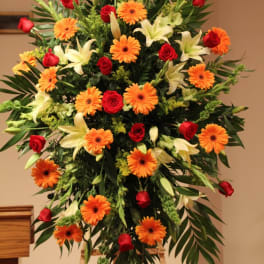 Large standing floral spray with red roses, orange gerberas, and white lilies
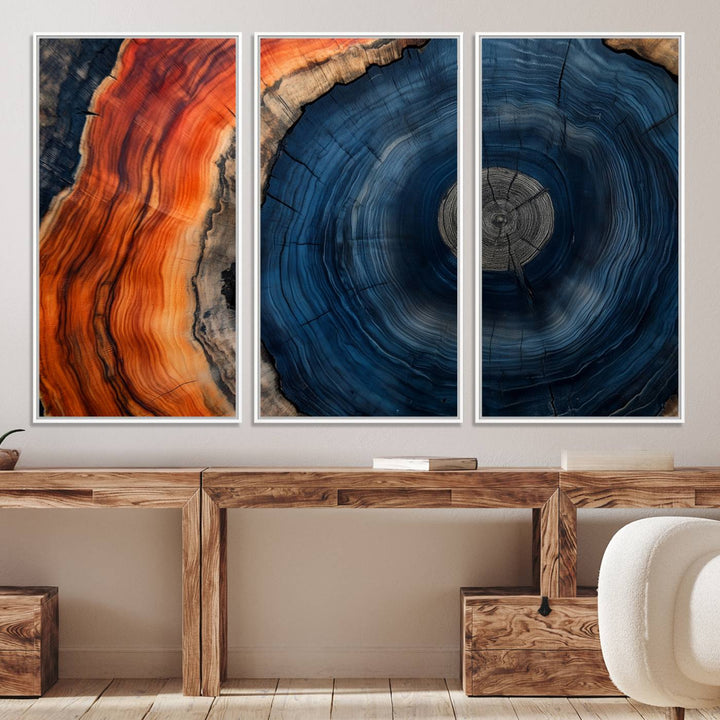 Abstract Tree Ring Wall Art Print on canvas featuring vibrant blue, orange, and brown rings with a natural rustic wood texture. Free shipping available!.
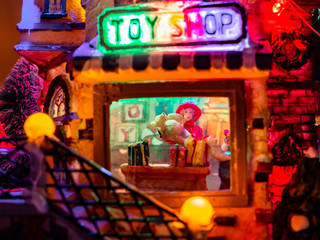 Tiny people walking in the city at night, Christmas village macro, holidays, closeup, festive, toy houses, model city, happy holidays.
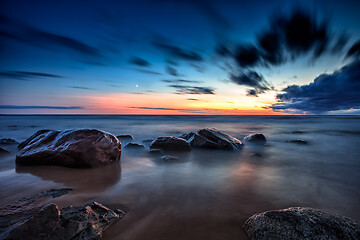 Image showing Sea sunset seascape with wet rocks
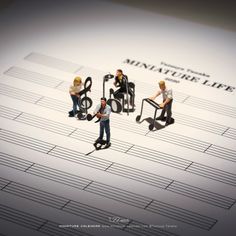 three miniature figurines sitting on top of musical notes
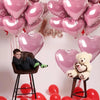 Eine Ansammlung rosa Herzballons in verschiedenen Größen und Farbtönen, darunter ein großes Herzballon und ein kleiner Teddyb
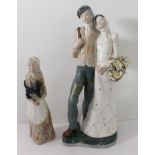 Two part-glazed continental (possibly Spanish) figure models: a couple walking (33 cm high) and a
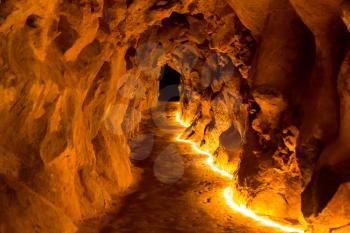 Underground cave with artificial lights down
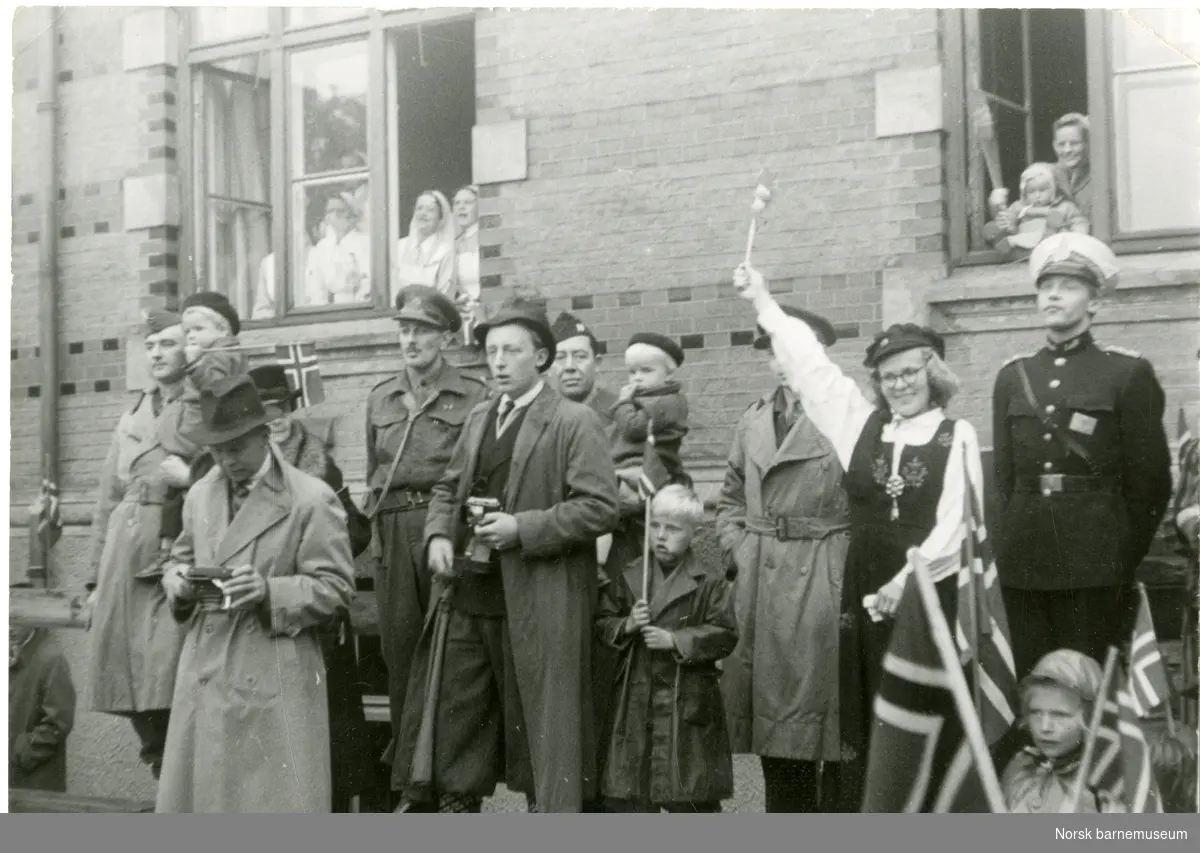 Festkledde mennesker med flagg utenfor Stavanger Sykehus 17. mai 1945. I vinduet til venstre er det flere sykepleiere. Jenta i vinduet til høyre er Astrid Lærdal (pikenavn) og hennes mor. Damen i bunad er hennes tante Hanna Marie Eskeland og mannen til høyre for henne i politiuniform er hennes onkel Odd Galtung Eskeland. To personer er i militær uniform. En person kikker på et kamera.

> Instructions for the task
Omitting the images, copy the listing exactly.

> Answer to the problem
 Large standing floral spray with red roses, orange gerberas, and white lilies
 Abstract Tree Ring Wall Art Print on canvas featuring vibrant blue, orange, and brown rings with a natural rustic wood texture. Free shipping available!.
 Tiny people walking in the city at night, Christmas village macro, holidays, closeup, festive, toy houses, model city, happy holidays.
 Image showing Sea sunset seascape with wet rocks
 three miniature figurines sitting on top of musical notes
 Eine Ansammlung rosa Herzballons in verschiedenen Größen und Farbtönen, darunter ein großes Herzballon und ein kleiner Teddyb
 Two part-glazed continental (possibly Spanish) figure models: a couple walking (33 cm high) and a
 Underground cave with artificial lights down
 Festkledde mennesker med flagg utenfor Stavanger Sykehus 17. mai 1945. I vinduet til venstre er det flere sykepleiere. Jenta i vinduet til høyre er Astrid Lærdal (pikenavn) og hennes mor. Damen i bunad er hennes tante Hanna Marie Eskeland og mannen til høyre for henne i politiuniform er hennes onkel Odd Galtung Eskeland. To personer er i militær uniform. En person kikker på et kamera.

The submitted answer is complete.